## PROBLEM TO WORK ON
Copy exactly the lines of the data below, beginning with the line with "So, the file" and ending with the line with "So, you want". Pictures are to be omitted.

## MATERIAL FOR THIS TASK
----------------

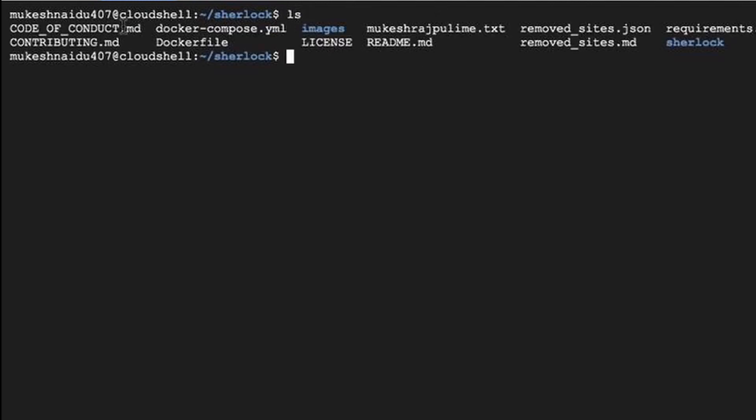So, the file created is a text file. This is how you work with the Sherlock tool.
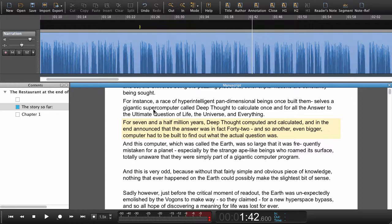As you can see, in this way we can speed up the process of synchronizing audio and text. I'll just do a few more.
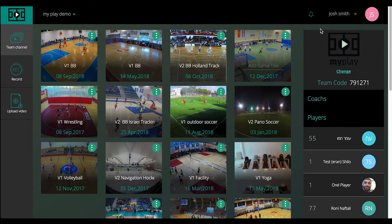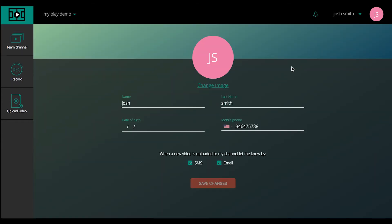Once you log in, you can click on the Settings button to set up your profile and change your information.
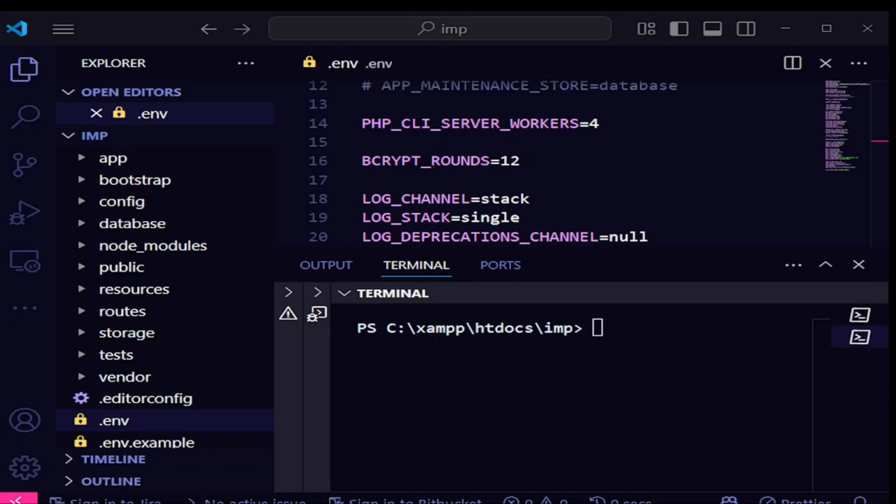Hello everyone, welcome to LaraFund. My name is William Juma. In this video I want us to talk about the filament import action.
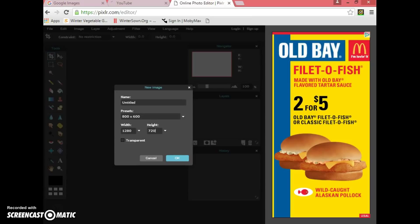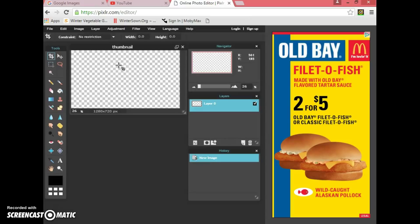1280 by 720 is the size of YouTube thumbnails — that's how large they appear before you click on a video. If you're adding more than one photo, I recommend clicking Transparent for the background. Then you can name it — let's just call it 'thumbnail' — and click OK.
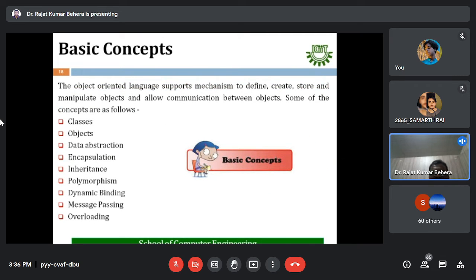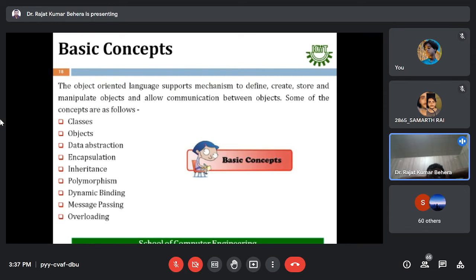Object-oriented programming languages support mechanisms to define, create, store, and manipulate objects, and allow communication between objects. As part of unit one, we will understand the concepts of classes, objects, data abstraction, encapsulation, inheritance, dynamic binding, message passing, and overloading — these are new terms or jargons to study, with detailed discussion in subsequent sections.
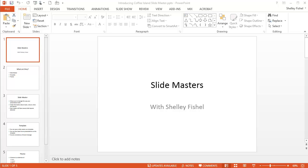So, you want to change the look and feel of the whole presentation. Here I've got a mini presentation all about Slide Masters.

----------------

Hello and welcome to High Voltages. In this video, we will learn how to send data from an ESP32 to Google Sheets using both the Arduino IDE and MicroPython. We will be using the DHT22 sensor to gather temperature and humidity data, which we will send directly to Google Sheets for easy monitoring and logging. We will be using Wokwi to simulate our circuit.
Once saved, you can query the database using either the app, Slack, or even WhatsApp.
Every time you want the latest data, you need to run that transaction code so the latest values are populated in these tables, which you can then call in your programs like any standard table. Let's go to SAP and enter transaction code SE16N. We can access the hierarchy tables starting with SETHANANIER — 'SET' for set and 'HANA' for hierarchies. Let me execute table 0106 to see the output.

----------------

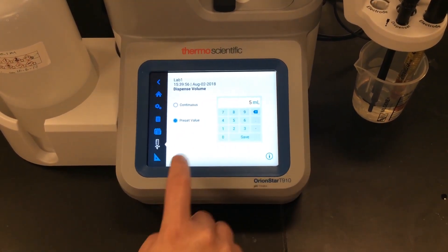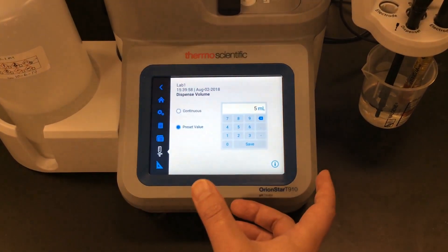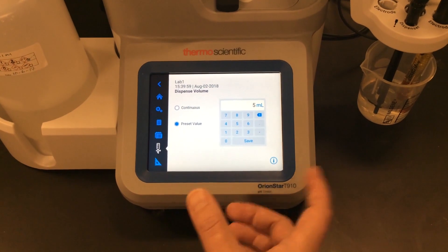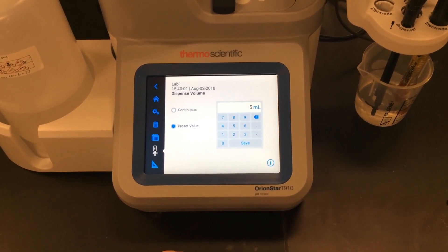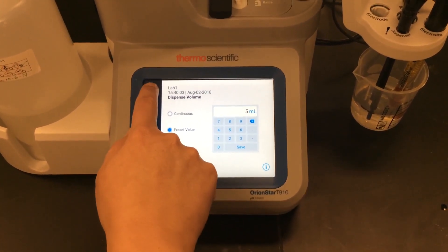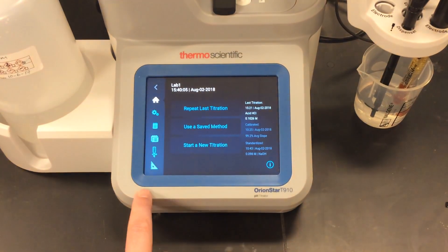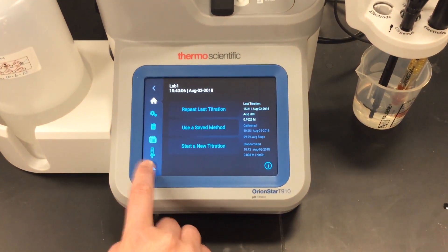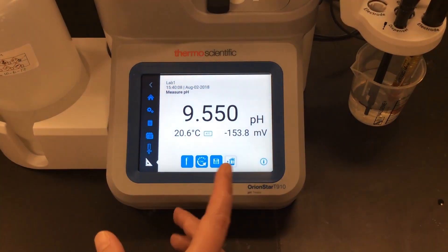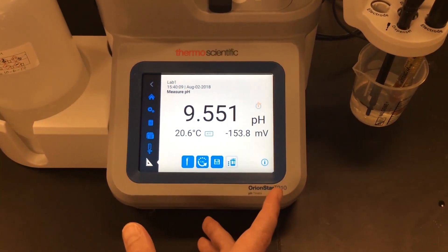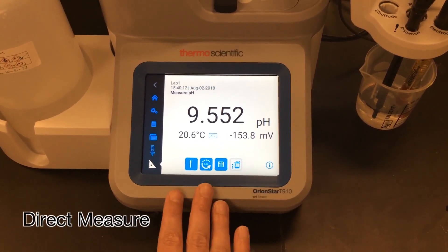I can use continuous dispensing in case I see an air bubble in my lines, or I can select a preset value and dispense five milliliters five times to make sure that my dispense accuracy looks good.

----------------

## YOUR RESPONSE
So, the file created is a text file. This is how you work with the Sherlock tool.
As you can see, in this way we can speed up the process of synchronizing audio and text. I'll just do a few more.
Once you log in, you can click on the Settings button to set up your profile and change your information.
Hello everyone, welcome to LaraFund. My name is William Juma. In this video I want us to talk about the filament import action.
1280 by 720 is the size of YouTube thumbnails — that's how large they appear before you click on a video. If you're adding more than one photo, I recommend clicking Transparent for the background. Then you can name it — let's just call it 'thumbnail' — and click OK.
Object-oriented programming languages support mechanisms to define, create, store, and manipulate objects, and allow communication between objects. As part of unit one, we will understand the concepts of classes, objects, data abstraction, encapsulation, inheritance, dynamic binding, message passing, and overloading — these are new terms or jargons to study, with detailed discussion in subsequent sections.
So, you want to change the look and feel of the whole presentation. Here I've got a mini presentation all about Slide Masters.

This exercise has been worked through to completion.